▶ _Input_:
◆ ◆ ◆
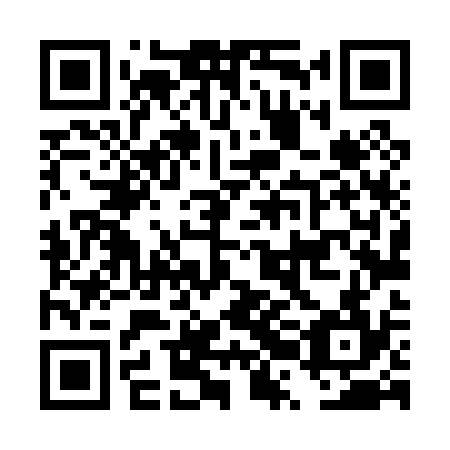 QR code for plate DRL 034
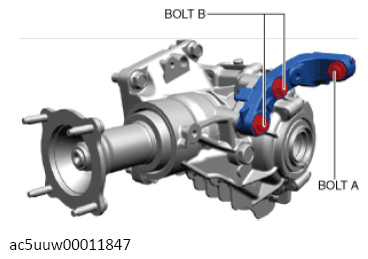G13673689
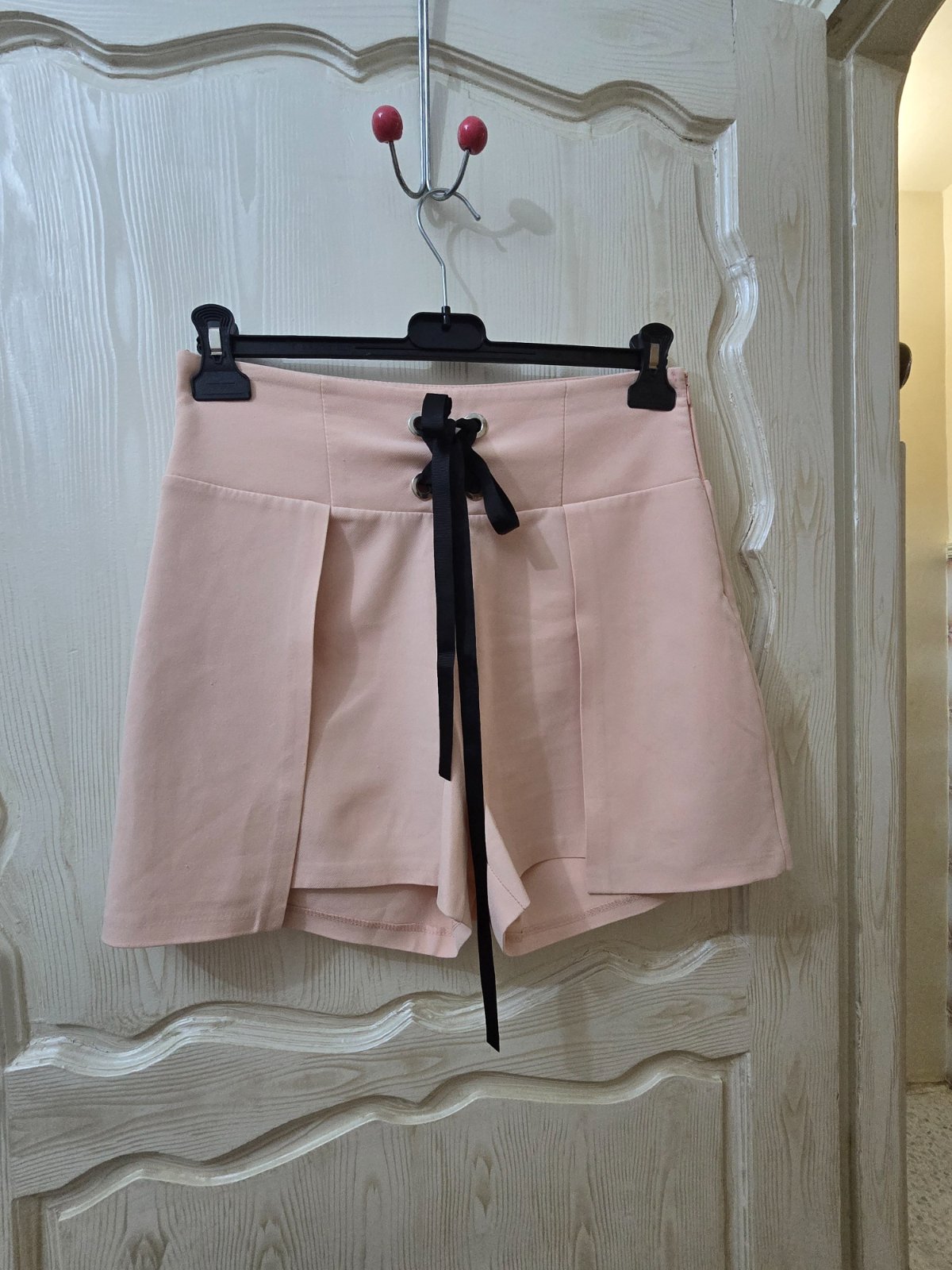 Jupe short taille M L 🩷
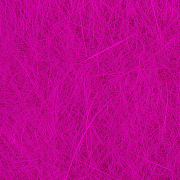  Даббинг HENDS Products Rabbit Fur Dubbing Purple Fluo #11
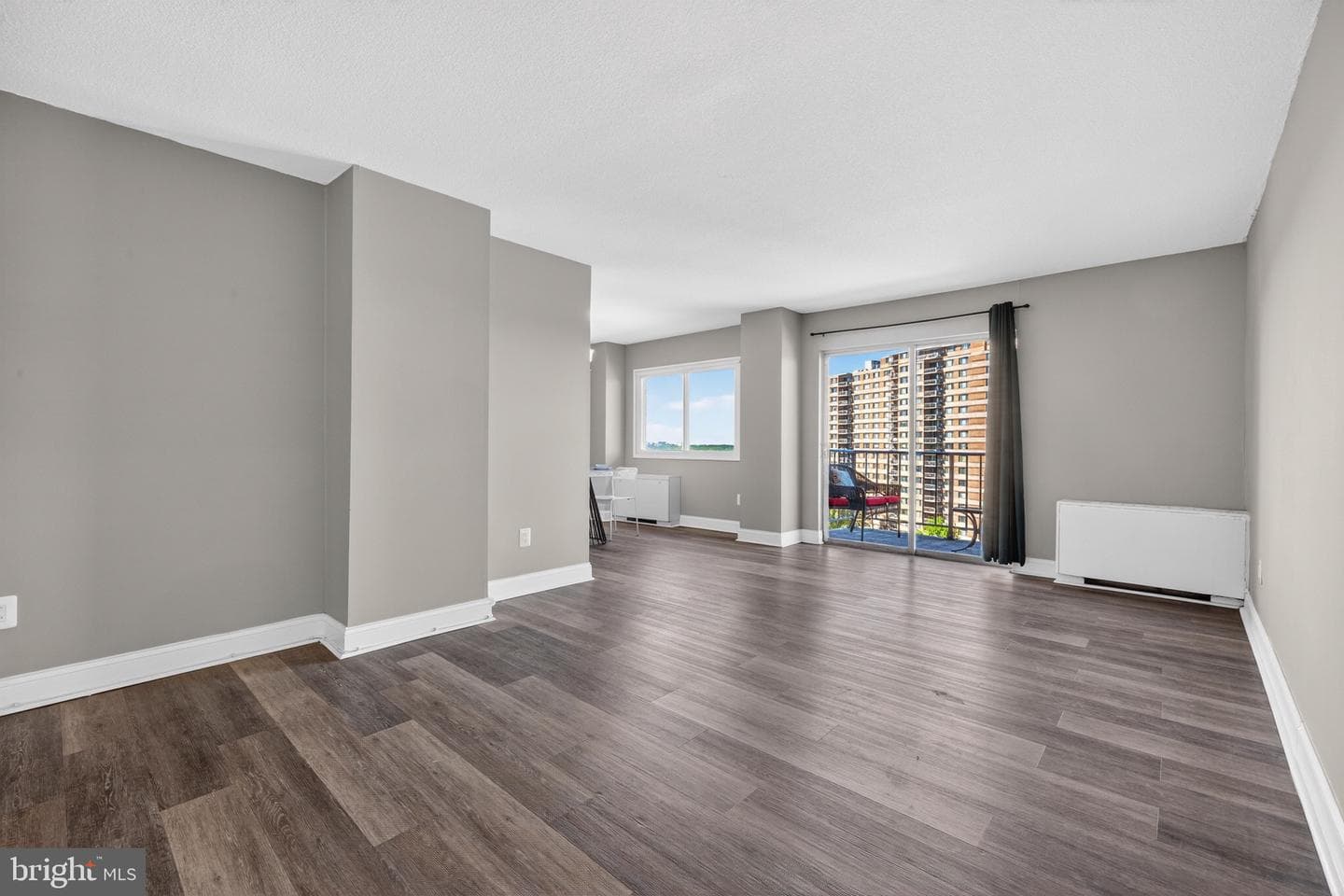 1121 University Boulevard W #912-B photo 14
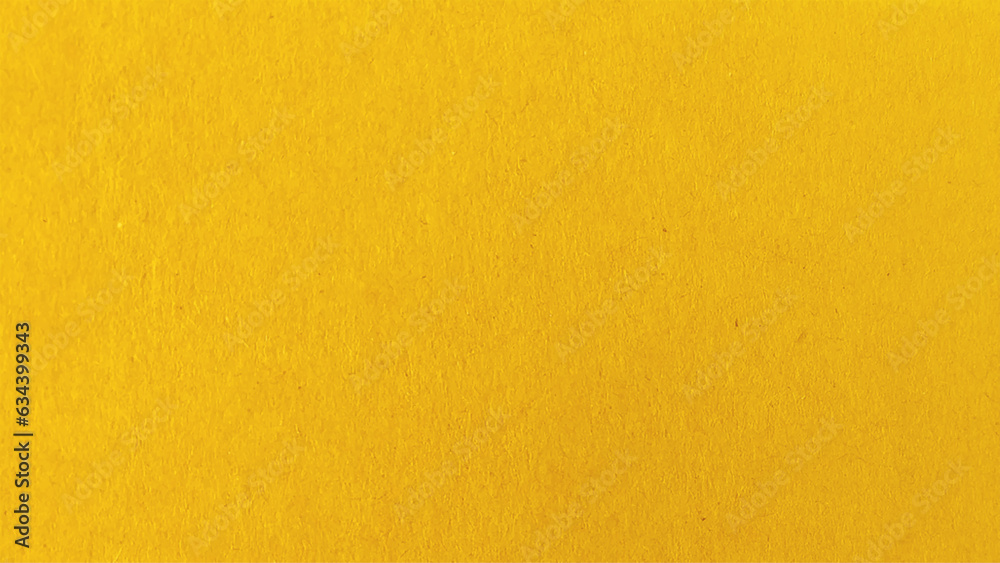 Paper texture cardboard background Paper texture cardboard background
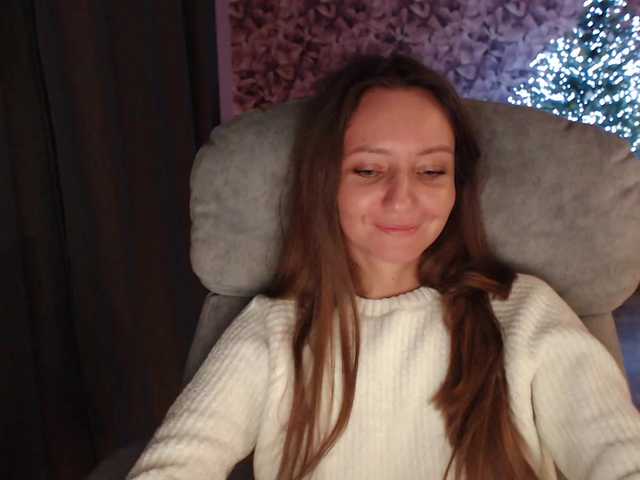 Gamora-'s BongaCams show and profile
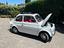 Immagine 5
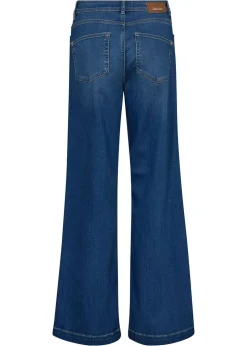 MMDara Deluxe Jeans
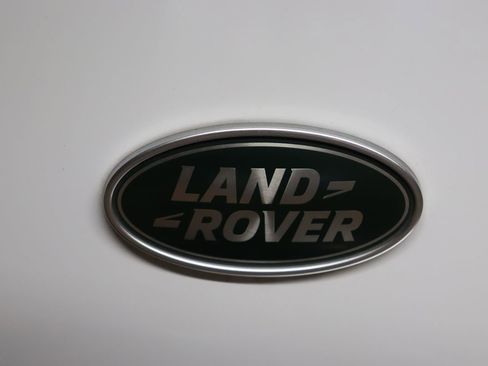 Used 2023 Land Rover Defender 130 First Edition AWD/4WD image 30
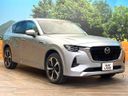 2022 Mazda CX-60 3CA-KH3R3P (UW-6a62d7c32c106)[9]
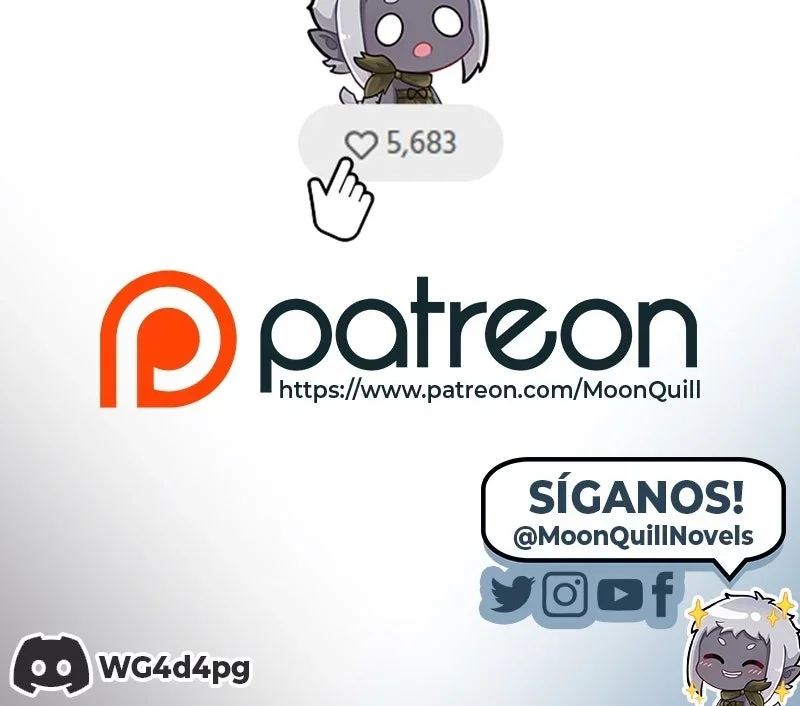 Capítulo 21, página 53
◆ ◆ ◆
▶ _Problem to work on_: Reproduce the data word for word, excluding its pictures.

▶ _Your response_:
 QR code for plate DRL 034
G13673689
 Jupe short taille M L 🩷
  Даббинг HENDS Products Rabbit Fur Dubbing Purple Fluo #11
 1121 University Boulevard W #912-B photo 14
 Paper texture cardboard background Paper texture cardboard background
 Gamora-'s BongaCams show and profile
 Immagine 5
 MMDara Deluxe Jeans
 Used 2023 Land Rover Defender 130 First Edition AWD/4WD image 30
 2022 Mazda CX-60 3CA-KH3R3P (UW-6a62d7c32c106)[9]
 Capítulo 21, página 53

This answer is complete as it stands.